**COLLECTED MATERIAL**
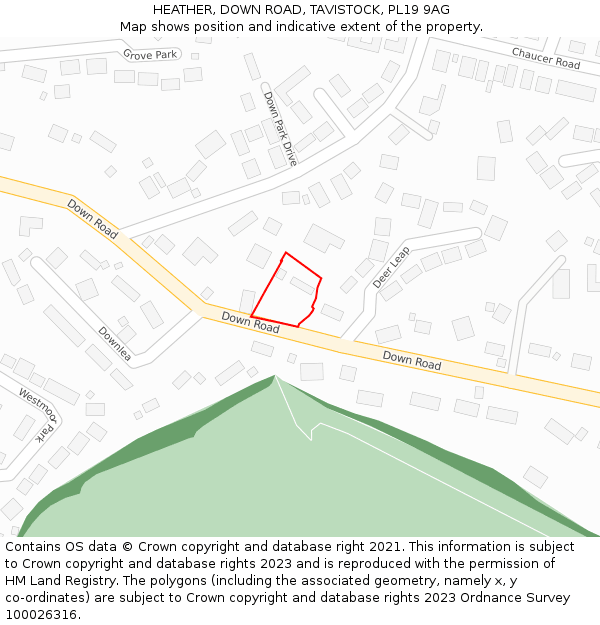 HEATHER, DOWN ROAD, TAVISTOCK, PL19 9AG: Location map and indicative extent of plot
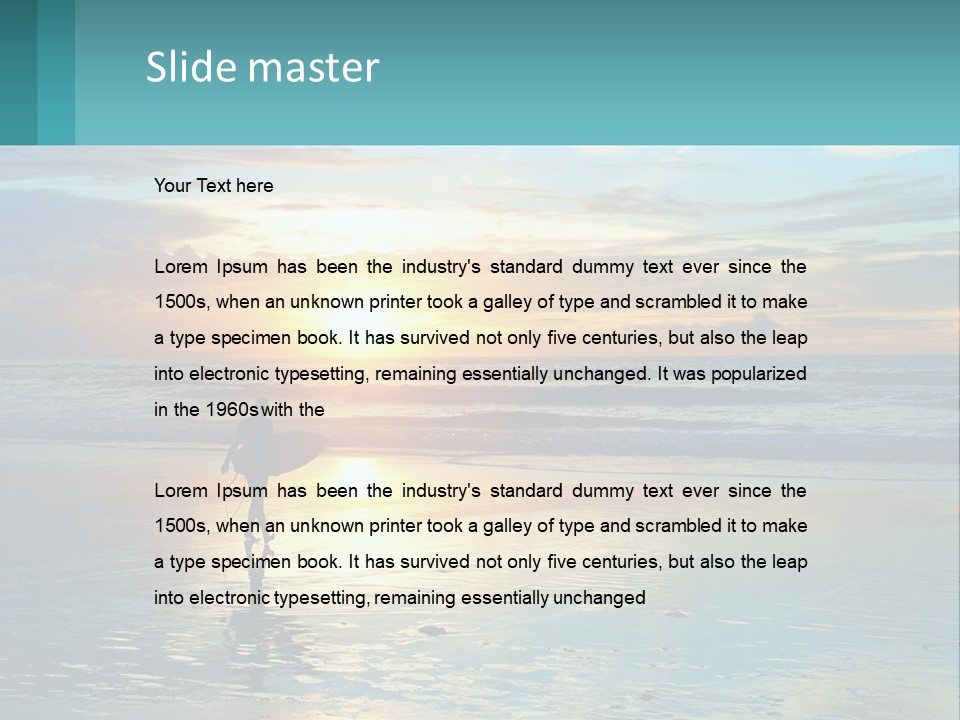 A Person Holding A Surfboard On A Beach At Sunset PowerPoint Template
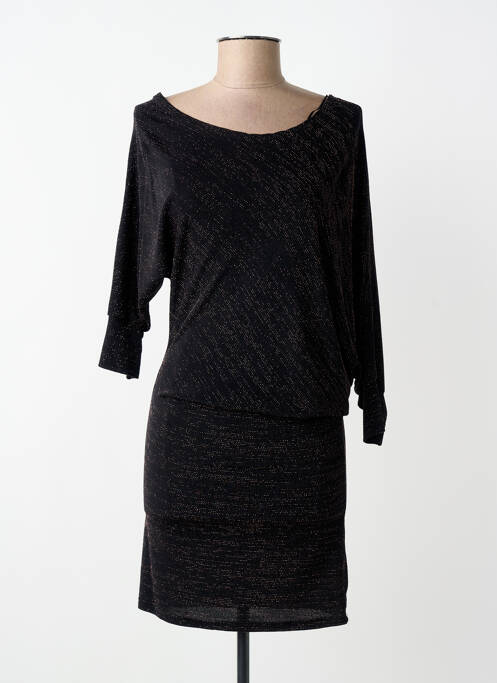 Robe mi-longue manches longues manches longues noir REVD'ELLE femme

**WHAT YOU NEED TO DO**
Write the full listing out again with every line unchanged, but include no pictures.

**RESPONSE AREA**
 HEATHER, DOWN ROAD, TAVISTOCK, PL19 9AG: Location map and indicative extent of plot
 A Person Holding A Surfboard On A Beach At Sunset PowerPoint Template
 Robe mi-longue manches longues manches longues noir REVD'ELLE femme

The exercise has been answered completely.